C. Self-Regulatory Organization's Statement on Comments on the Proposed Rule Change Received From Members, Participants, or Others
No written comments were solicited or received with respect to the proposed rule change.
III. Date of Effectiveness of the Proposed Rule Change and Timing for Commission Action
The foregoing rule change is effective upon filing pursuant to Section 19(b)(3)(A) 
of the Act and subparagraph (f)(2) of Rule 19b-4 
thereunder, because it establishes a due, fee, or other charge imposed by the Exchange.
At any time within 60 days of the filing of such proposed rule change, the Commission summarily may temporarily suspend such rule change if it appears to the Commission that such action is necessary or appropriate in the public interest, for the protection of investors, or otherwise in furtherance of the purposes of the Act. If the Commission takes such action, the Commission shall institute proceedings under Section 19(b)(2)(B) 
of the Act to determine whether the proposed rule change should be approved or disapproved.

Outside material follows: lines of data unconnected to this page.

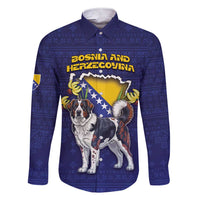 Personalized Bosnia And Herzegovina Family Matching Short Sleeve Bodycon Dress and Hawaiian Shirt The Tornjak With Lilium Bosniacum - Wonder Print Shop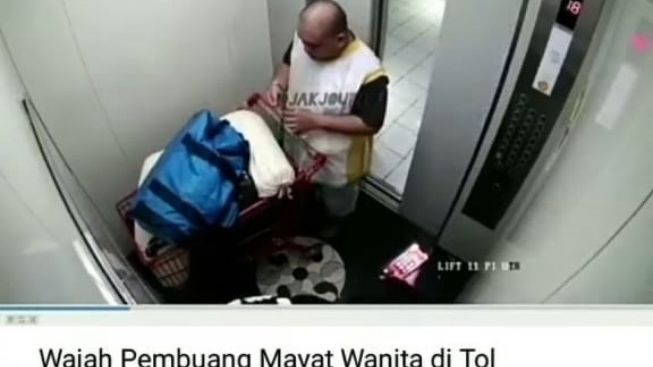 Wajah Pembuang Sekaligus Pembunuhan Mayat Di Bekasi Terekam Kamera CCTV, Warganet : Dasar Psikopat!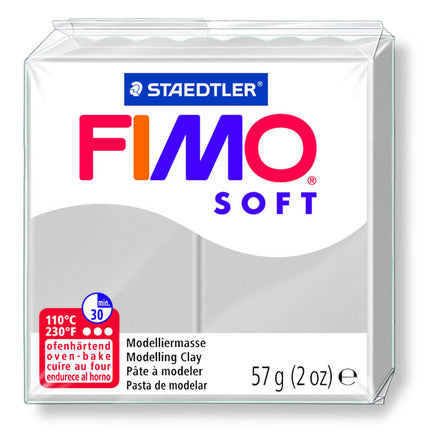 Staedtler-Mars - Modelling Clay Fimo Soft - dolphin grey - Art Noise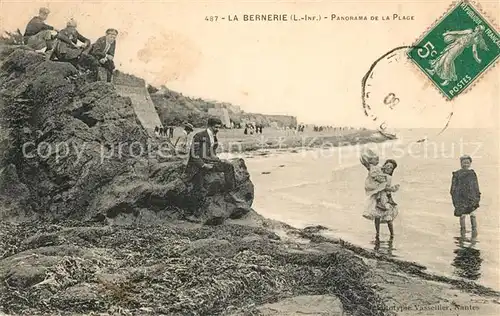 AK / Ansichtskarte La_Bernerie en Retz Panorama de la plage La_Bernerie en Retz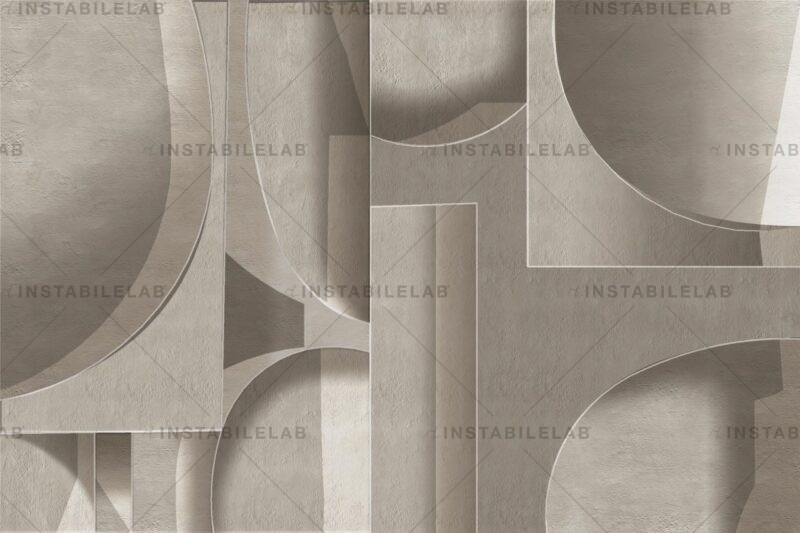 Noshima papier peint moderne, géométrique et élégant du catalogue Avenue Instabilelab.
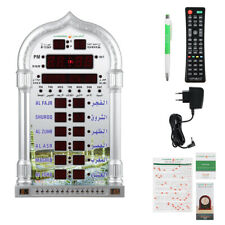 Islamic Azan Wall Clock Alarm Calendar Muslem Prayer Ramadan Xmas Decoration 100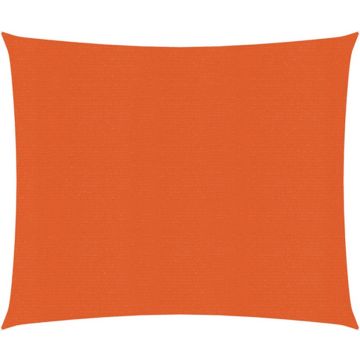 vidaXL Zonnezeil 160 g/m² 3x3 m HDPE oranje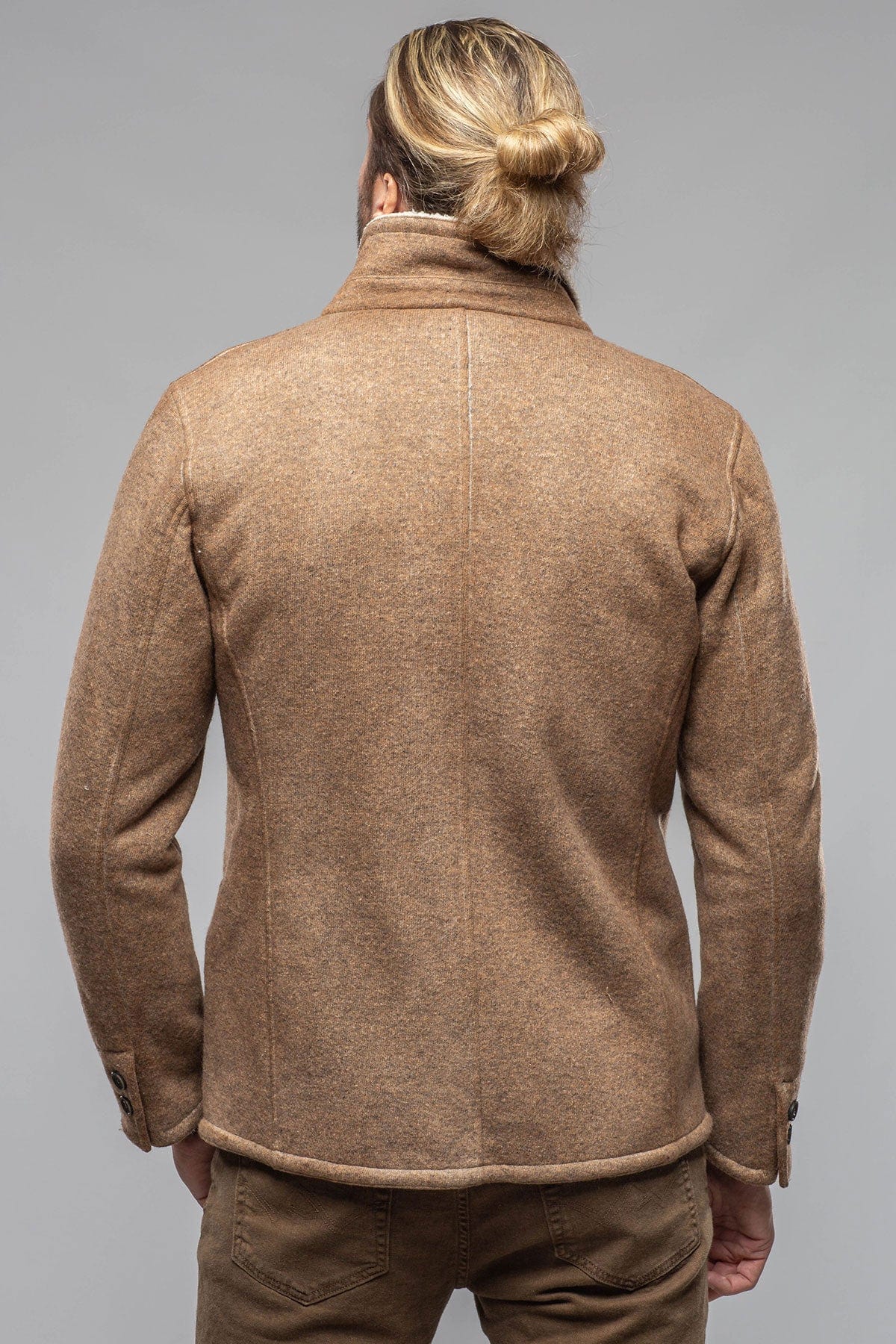 Gimo's Bale Sherpa Jacket In Tan | Warehouse - Mens - Outerwear - Cloth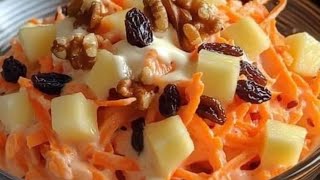 Esta es la mejor ensalada de zanahoria y frutas navideña No puede faltar en tu mesa [upl. by Idette]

IV. Solicitation of Comments
Interested persons are invited to submit written data, views, and arguments concerning the foregoing, including whether the proposed rule change is consistent with the Act. Comments may be submitted by any of the following methods:
- Send paper comments in triplicate to Elizabeth M. Murphy, Secretary, Securities and Exchange Commission, 100 F Street NE., Washington, DC 20549-1090.
All submissions should refer to File Number SR-NYSEArca-2013-55. This file number should be included on the subject line if email is used. To help the Commission process and review your comments more efficiently, please use only one method. The Commission will post all comments on the Commission's Internet Web site (http://www.sec.gov/rules/sro.shtml). Copies of the submission, all subsequent amendments, all written statements with respect to the proposed rule change that are filed with the Commission, and all written communications relating to the proposed rule change between the Commission and any person, other than those that may be withheld from the public in accordance with the provisions of 5 U.S.C. 552, will be available for Web site viewing and printing in the Commission's Public Reference Room, 100 F Street NE., Washington, DC 20549, on official business days between the hours of 10:00 a.m. and 3:00 p.m. Copies of such filing also will be available for inspection and copying at the principal office of the Exchange. All comments received will be posted without change; the Commission does not edit personal identifying information from submissions. You should submit only information that you wish to make publicly available. All submissions should refer to File Number SR-NYSEArca-2013-55 and should be submitted on or before July 1, 2013.
For the Commission, by the Division of Trading and Markets, pursuant to delegated authority.